An inter partes review may not be instituted if, before the date on which the petition is filed, the petitioner or real party in interest filed a civil action challenging the validity of a claim of the challenged patent. See 35 U.S.C. § 315(a). Likewise, an inter parties review may not be instituted if the petition requesting the proceeding is filed more than 1 year after the date on which the petitioner, real party in interest, or privy is served with a complaint alleging infringement of the challenged patent. See 35 U.S.C. § 315(b). Three decisions recently designated as precedential by the PTAB provide further guidance on such bars to institution.
In Cisco Systems, Inc. v. Chrimar Systems, Inc., IPR2018-01511, Paper 11 (PTAB Jan. 31, 2019), the Petitioner had filed a civil action challenging the validity of a claim of the challenged patent before the date on which the Petition was filed. Id. at 2. The Petitioner argued that § 315(a)(1) did not bar institution of an inter partes review when it was the Petitioner itself that voluntarily dismissed its civil action without prejudice. Id. at 5. The Board held that § 315(a)(1) does not hold an exception for a civil action that was dismissed without prejudice. Id. at 6. Following the reasoning of Click-to-Call, the PTAB explained that Congress knew how to provide exceptions to statutory bars when it included exceptions for joinder requests, but did not do so with § 315(a)(1). Click-to-Call Technologies, LP v. Ingenio, Inc., 899 F.3d 1321, 1331 (Fed. Cir. 2018). Id. The PTAB was also not persuaded by Petitioner’s argument that “civil action” in § 315(a)(1) requires substantive litigation. Id.
In Infiltrator Water Techs., LLC v. Presby Patent Trust, IPR2018-00224, Paper 25 (PTAB Oct. 1, 2018), a complaint asserting infringement of the challenged patent was dismissed without prejudice for lack of personal jurisdiction. Id. at 2. More than a year after that complaint was filed, Petitioner filed its inter partes review petition. Id. Following the reasoning of Bennett Regulator Guards, the PTAB determined that it lacked jurisdiction to institute the inter partes review proceeding because the filing of the complaint nonetheless triggered the § 315(a) time bar. Bennett Regulator Guards, Inc. v. Atlanta Gas Light Co., Nos. 2017-1555, 2017-1626 (Fed. Cir. Sept. 28, 2018). Id. at 4-5. The PTAB further distinguished the Infiltrator case from Click-to-Call in that the present case involved an involuntary, rather than voluntary dismissal. Id. at 5.

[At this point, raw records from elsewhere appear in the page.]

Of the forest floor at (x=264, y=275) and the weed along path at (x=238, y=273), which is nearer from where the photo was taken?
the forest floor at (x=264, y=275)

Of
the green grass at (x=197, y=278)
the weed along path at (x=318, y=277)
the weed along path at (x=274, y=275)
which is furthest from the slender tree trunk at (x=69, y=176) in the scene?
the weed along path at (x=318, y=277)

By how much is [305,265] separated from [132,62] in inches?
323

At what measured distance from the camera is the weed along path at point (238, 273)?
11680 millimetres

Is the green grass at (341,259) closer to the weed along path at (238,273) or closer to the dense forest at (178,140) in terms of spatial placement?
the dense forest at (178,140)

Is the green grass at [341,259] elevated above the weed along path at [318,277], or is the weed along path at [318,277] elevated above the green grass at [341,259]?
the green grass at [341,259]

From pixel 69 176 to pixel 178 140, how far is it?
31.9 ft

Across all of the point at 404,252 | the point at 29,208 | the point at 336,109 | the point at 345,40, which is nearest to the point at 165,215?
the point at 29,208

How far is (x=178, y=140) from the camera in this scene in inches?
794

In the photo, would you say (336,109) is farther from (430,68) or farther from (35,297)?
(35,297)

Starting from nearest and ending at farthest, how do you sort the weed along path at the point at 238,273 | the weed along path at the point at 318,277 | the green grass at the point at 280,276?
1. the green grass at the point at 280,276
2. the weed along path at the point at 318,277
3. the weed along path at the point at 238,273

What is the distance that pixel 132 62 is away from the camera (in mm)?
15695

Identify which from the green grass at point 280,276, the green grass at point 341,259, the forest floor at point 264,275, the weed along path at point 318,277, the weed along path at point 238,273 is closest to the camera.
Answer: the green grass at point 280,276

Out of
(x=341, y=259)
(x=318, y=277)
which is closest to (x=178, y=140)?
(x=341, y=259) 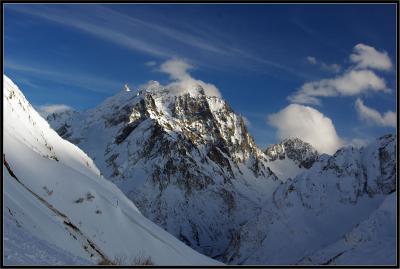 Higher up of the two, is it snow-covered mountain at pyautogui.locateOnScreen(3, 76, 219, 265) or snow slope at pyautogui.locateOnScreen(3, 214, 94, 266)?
snow-covered mountain at pyautogui.locateOnScreen(3, 76, 219, 265)

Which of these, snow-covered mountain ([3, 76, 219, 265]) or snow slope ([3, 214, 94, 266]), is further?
snow-covered mountain ([3, 76, 219, 265])

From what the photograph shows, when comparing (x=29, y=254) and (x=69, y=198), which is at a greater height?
(x=69, y=198)

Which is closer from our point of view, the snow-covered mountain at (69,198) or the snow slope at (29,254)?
the snow slope at (29,254)

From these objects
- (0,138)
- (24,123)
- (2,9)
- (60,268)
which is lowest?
(60,268)

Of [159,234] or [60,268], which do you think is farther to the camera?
[159,234]

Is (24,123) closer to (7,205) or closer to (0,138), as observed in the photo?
(7,205)

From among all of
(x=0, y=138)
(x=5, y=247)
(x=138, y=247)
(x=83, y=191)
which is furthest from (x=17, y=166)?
(x=5, y=247)

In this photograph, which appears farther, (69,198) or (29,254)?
(69,198)

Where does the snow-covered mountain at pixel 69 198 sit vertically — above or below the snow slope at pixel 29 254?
above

The PTAB came to a similar conclusion in GoPro, Inc. v. 360Heros, Inc., IPR2018-01754, Paper 38 (PTAB Aug. 23, 2019), previously discussed here. In GoPro, the Precedential Opinion Panel (POP) held that the § 315(b) time bar applies even if the serving party lacks standing to sue or where the pleading is deficient. Id. at 6. Again, following the reasoning of Click-to-Call, the POP held that the phrase “served with a complaint alleging infringement” is plain and unambiguous. Id. at 8. Further, the POP held that § 315(b) does not include an exception for situations such as those described above. Accordingly, the POP reversed the initial PTAB panel’s determination that the time-bar of § 315(b) did not apply because the patent owner lacked standing to sue when the complaint was served.
The above cases demonstrate the PTAB’s unwillingness to allow for exceptions to § 315 that are not provided by statute.